- Data to use
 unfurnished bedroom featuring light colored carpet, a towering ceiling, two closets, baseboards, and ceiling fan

==

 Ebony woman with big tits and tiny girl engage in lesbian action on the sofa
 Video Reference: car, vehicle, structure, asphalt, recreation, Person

==

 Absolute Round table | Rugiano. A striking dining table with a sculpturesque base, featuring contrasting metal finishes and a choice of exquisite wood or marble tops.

- Required action
Using the records above, set down exactly the lines from the one with "Ebony woman with" through the one with "asphalt, recreation, Person", inclusive, and nothing more.

- Response area
 Ebony woman with big tits and tiny girl engage in lesbian action on the sofa
 Video Reference: car, vehicle, structure, asphalt, recreation, Person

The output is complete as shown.